Le même scénario semble devoir se répéter en 2010. Il y a quelques
semaines, avec les attentats à la grenade et les accusations
officielles dénonçant les "Interahamwe", synonyme de
"génocidaires", un nouveau pas avait été franchi dans les attaques
visant la candidate de l'opposition, Victoire Ingabire, et les
observateurs étrangers n’excluaient plus que la présidente des FDU (
Forces Démocratiques Unifiées du Rwanda) soit arrêtée et, au mieux,
expulsée.

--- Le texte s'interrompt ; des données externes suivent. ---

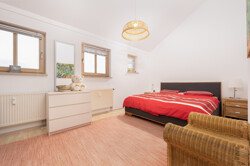 7 Schlafzimmer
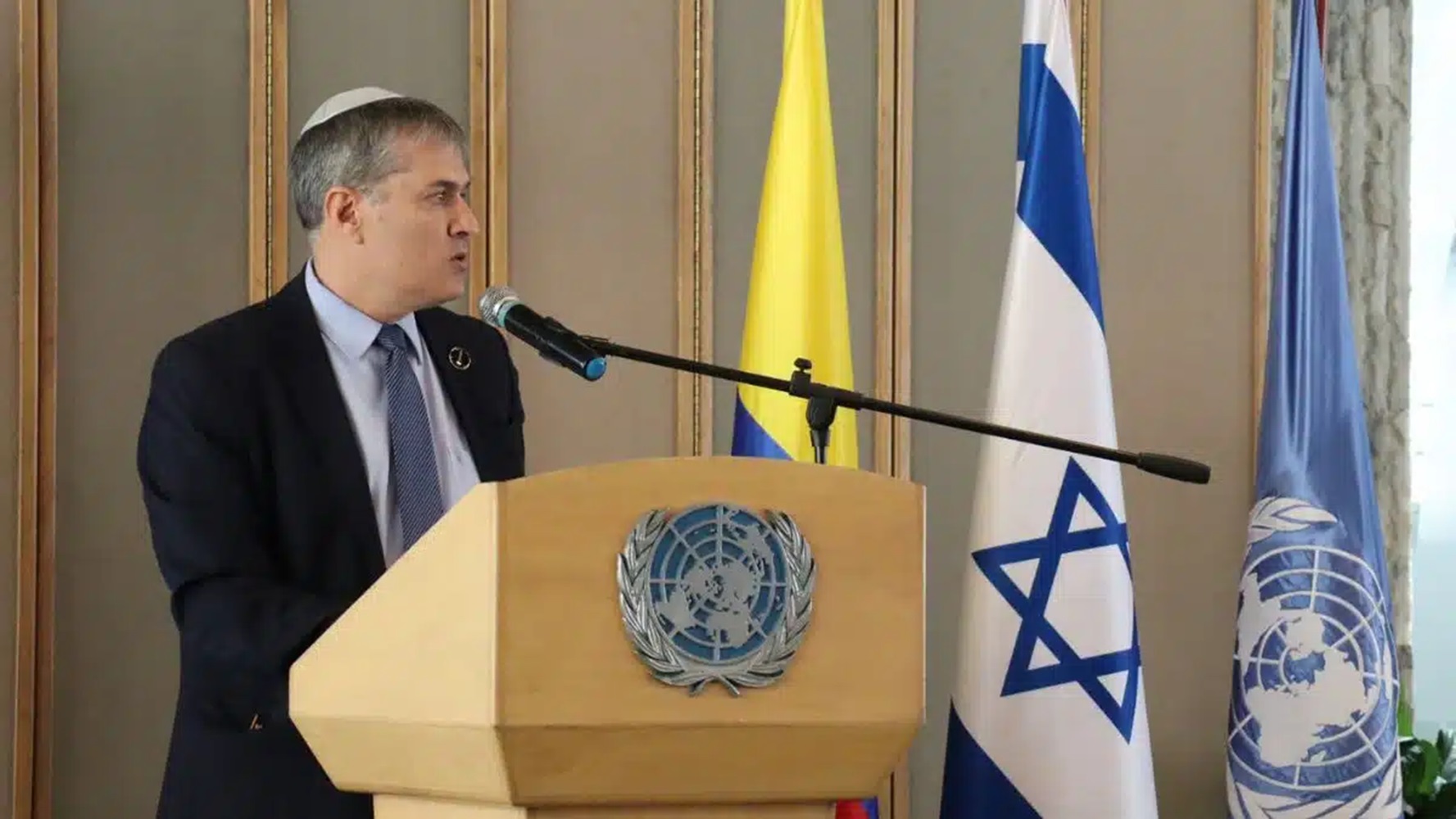 El embajador de Israel sale de Colombia luego de casi dos meses de ruptura de relaciones
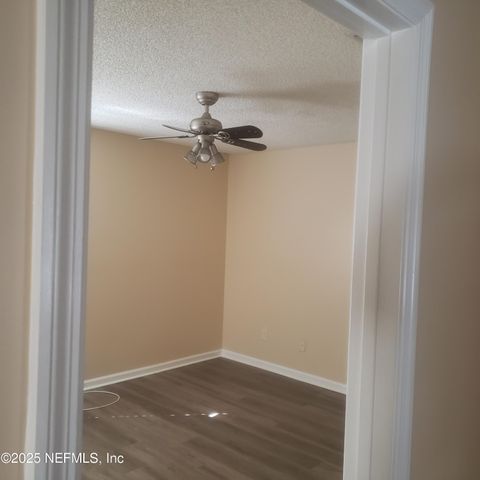 8602 LONGFORD Drive, Jacksonville, FL 32244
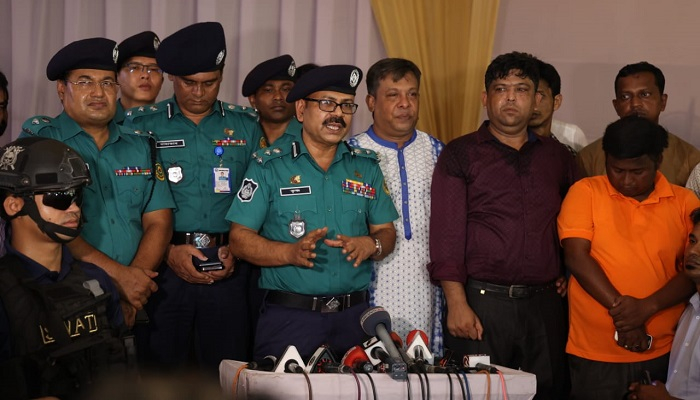 মণ্ডপে হামলায় জামিনে থাকা আসামিরা নজরদারিতে: সিএমপি কমিশনার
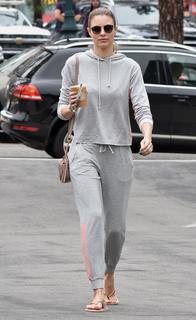 Paige Butcher feet photo thumbnail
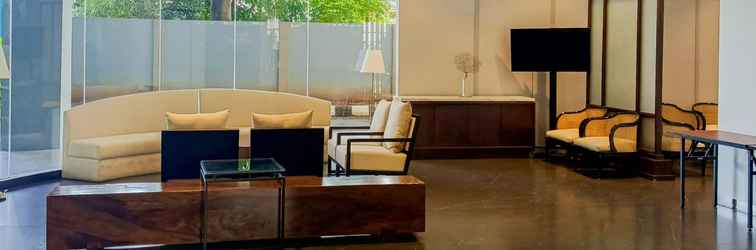 Lobby Comfy and Stunning Studio Tamansari Bintaro Mansion Apartment By Travelio	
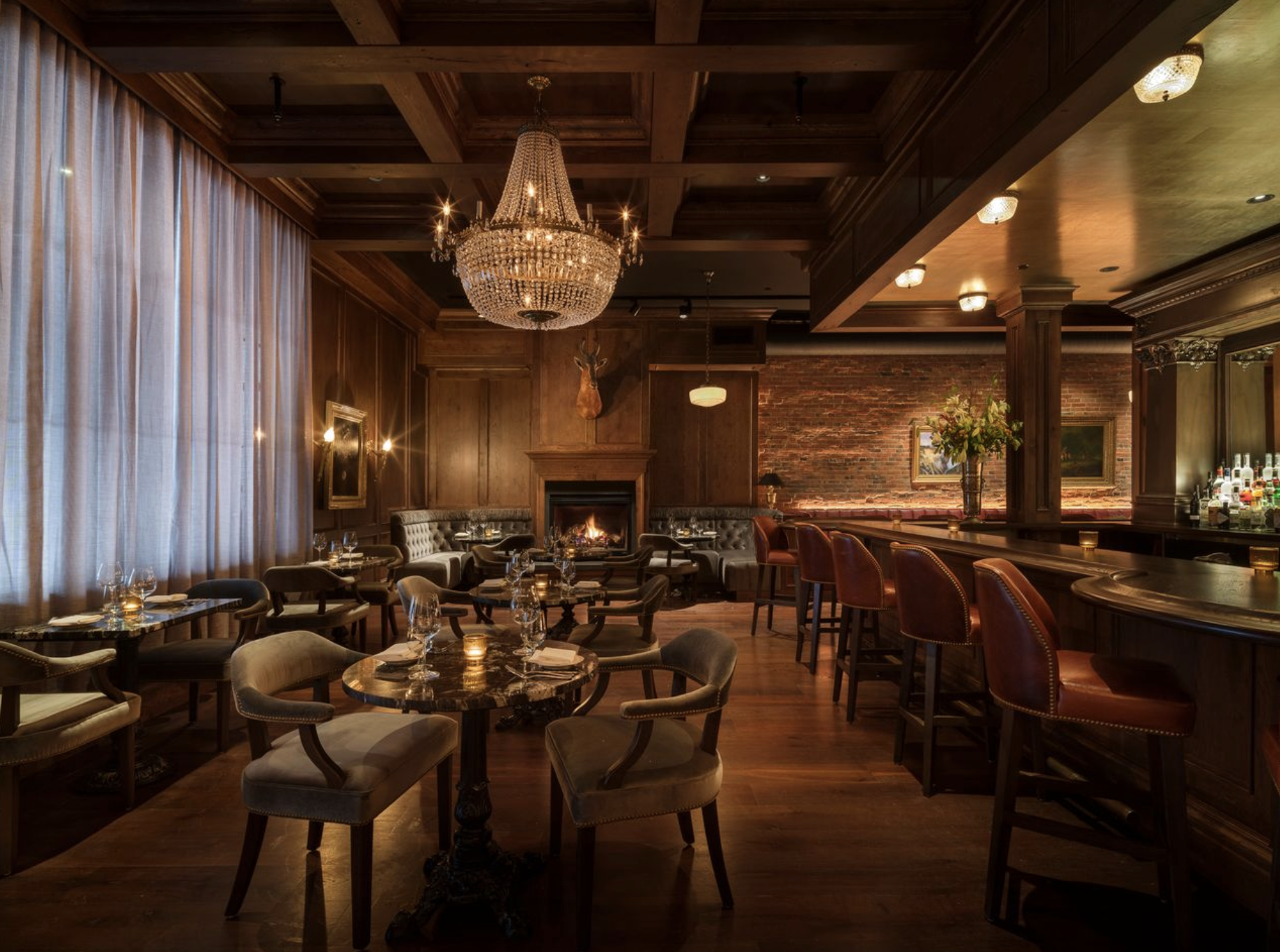 JWH-20-dining-fireplace-chandelier-wide.png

Le parti au pouvoir ne supporte pas toute forme de
déviance qui, au-delà de la sphère politique, concerne tous les
domaines de l'activité sociale .
Kigali adresse un message fort envers les opposants
Selon plusieurs sources fiables, Déo Mushayidi, à la différence des
opposants expatriés de Bruxelles, avait décidé de s'implanter à
proximité du Rwanda et circulait fréquemment entre la Tanzani et
l'Ouganda. Il bénéficiait de ce fait d'un ancrage et d'une
crédibilité non négligeables. D’après nos sources, son enlèvement,
décidé après la fuite du général Kayumba Nyamwasa en Afrique du Sud
alors que ce dernier menaçait de rendre public « les secrets » du
régime, est un message qui lui est personnellement adressé ainsi
qu'à tous les autres dissidents pour leur signifier que personne
n'est à l'abri des commandos des services de sécurité rwandais, où
qu'il soit et quel qu'il soit.
Obéissance du régime burundais à Kigali
Jusqu'à preuve du contraire, il ne s'agit pas d'une extradition,
mais d'un enlèvement ce qui est très différent. En se refusant à
indiquer selon quelle procédure Déo Mushayidi a été livré aux agents
rwandais présents à Bujumbura et en ne protestant pas ensuite contre
ce qui peut être considéré alors comme une procédure
extrajudiciaire, les autorités burundaises accréditent, en pleine
campagne électorale nationale, l'idée d'une complicité ou de leur
impuissance. L'accusation serait particulièrement grave s'il était
prouvé, comme le déclare le porte-parole du PDP-IMANZI, que Déo
Mushayidi s'était rendu à « Bujumbura pour y rencontrer des
officiels burundais avant de gagner Kigali pour y mener campagne ».